* [Exercise directions] Print the records below once again, exactly as they were given.

Records for the task below:

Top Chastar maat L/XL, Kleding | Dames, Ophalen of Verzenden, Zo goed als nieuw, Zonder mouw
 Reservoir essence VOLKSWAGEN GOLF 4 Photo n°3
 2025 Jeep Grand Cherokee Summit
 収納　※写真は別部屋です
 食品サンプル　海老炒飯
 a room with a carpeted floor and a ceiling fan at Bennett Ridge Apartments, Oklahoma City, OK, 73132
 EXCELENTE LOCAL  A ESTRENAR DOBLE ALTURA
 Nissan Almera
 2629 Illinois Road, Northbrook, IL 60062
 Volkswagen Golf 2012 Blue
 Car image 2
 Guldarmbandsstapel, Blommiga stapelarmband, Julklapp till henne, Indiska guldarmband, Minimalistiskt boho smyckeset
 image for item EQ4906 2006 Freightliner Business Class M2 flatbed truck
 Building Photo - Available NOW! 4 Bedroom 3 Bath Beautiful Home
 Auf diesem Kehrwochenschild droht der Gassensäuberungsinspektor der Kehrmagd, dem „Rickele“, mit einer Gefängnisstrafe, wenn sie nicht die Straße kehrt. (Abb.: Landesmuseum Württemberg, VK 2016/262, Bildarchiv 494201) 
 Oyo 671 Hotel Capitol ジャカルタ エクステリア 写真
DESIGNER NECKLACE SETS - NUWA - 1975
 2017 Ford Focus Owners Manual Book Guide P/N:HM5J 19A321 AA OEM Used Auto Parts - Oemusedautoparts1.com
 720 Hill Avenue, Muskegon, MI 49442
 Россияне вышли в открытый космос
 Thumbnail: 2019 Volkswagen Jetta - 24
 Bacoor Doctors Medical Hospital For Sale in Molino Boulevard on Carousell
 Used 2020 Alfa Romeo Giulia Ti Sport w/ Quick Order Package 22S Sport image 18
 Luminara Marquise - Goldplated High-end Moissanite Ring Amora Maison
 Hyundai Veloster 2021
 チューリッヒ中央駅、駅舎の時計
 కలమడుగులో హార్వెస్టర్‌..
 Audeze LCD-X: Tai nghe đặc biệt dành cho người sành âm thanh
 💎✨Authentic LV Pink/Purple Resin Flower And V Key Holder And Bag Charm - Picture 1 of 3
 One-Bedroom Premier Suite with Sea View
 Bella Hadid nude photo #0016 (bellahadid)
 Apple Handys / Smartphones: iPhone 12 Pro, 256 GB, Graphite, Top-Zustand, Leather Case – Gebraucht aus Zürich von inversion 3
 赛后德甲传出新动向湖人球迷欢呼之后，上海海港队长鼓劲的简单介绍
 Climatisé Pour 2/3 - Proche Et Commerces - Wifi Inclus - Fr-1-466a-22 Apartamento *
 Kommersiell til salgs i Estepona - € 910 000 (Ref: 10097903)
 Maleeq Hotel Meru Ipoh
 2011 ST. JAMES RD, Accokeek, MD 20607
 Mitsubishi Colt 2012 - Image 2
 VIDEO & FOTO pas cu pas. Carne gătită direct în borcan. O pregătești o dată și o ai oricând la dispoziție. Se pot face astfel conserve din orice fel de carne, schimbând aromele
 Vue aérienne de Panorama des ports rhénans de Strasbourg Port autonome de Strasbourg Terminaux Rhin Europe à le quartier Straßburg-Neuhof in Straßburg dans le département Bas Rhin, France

End of Records for the task.

* [Result]
Top Chastar maat L/XL, Kleding | Dames, Ophalen of Verzenden, Zo goed als nieuw, Zonder mouw
 Reservoir essence VOLKSWAGEN GOLF 4 Photo n°3
 2025 Jeep Grand Cherokee Summit
 収納　※写真は別部屋です
 食品サンプル　海老炒飯
 a room with a carpeted floor and a ceiling fan at Bennett Ridge Apartments, Oklahoma City, OK, 73132
 EXCELENTE LOCAL  A ESTRENAR DOBLE ALTURA
 Nissan Almera
 2629 Illinois Road, Northbrook, IL 60062
 Volkswagen Golf 2012 Blue
 Car image 2
 Guldarmbandsstapel, Blommiga stapelarmband, Julklapp till henne, Indiska guldarmband, Minimalistiskt boho smyckeset
 image for item EQ4906 2006 Freightliner Business Class M2 flatbed truck
 Building Photo - Available NOW! 4 Bedroom 3 Bath Beautiful Home
 Auf diesem Kehrwochenschild droht der Gassensäuberungsinspektor der Kehrmagd, dem „Rickele“, mit einer Gefängnisstrafe, wenn sie nicht die Straße kehrt. (Abb.: Landesmuseum Württemberg, VK 2016/262, Bildarchiv 494201) 
 Oyo 671 Hotel Capitol ジャカルタ エクステリア 写真
DESIGNER NECKLACE SETS - NUWA - 1975
 2017 Ford Focus Owners Manual Book Guide P/N:HM5J 19A321 AA OEM Used Auto Parts - Oemusedautoparts1.com
 720 Hill Avenue, Muskegon, MI 49442
 Россияне вышли в открытый космос
 Thumbnail: 2019 Volkswagen Jetta - 24
 Bacoor Doctors Medical Hospital For Sale in Molino Boulevard on Carousell
 Used 2020 Alfa Romeo Giulia Ti Sport w/ Quick Order Package 22S Sport image 18
 Luminara Marquise - Goldplated High-end Moissanite Ring Amora Maison
 Hyundai Veloster 2021
 チューリッヒ中央駅、駅舎の時計
 కలమడుగులో హార్వెస్టర్‌..
 Audeze LCD-X: Tai nghe đặc biệt dành cho người sành âm thanh
 💎✨Authentic LV Pink/Purple Resin Flower And V Key Holder And Bag Charm - Picture 1 of 3
 One-Bedroom Premier Suite with Sea View
 Bella Hadid nude photo #0016 (bellahadid)
 Apple Handys / Smartphones: iPhone 12 Pro, 256 GB, Graphite, Top-Zustand, Leather Case – Gebraucht aus Zürich von inversion 3
 赛后德甲传出新动向湖人球迷欢呼之后，上海海港队长鼓劲的简单介绍
 Climatisé Pour 2/3 - Proche Et Commerces - Wifi Inclus - Fr-1-466a-22 Apartamento *
 Kommersiell til salgs i Estepona - € 910 000 (Ref: 10097903)
 Maleeq Hotel Meru Ipoh
 2011 ST. JAMES RD, Accokeek, MD 20607
 Mitsubishi Colt 2012 - Image 2
 VIDEO & FOTO pas cu pas. Carne gătită direct în borcan. O pregătești o dată și o ai oricând la dispoziție. Se pot face astfel conserve din orice fel de carne, schimbând aromele
 Vue aérienne de Panorama des ports rhénans de Strasbourg Port autonome de Strasbourg Terminaux Rhin Europe à le quartier Straßburg-Neuhof in Straßburg dans le département Bas Rhin, France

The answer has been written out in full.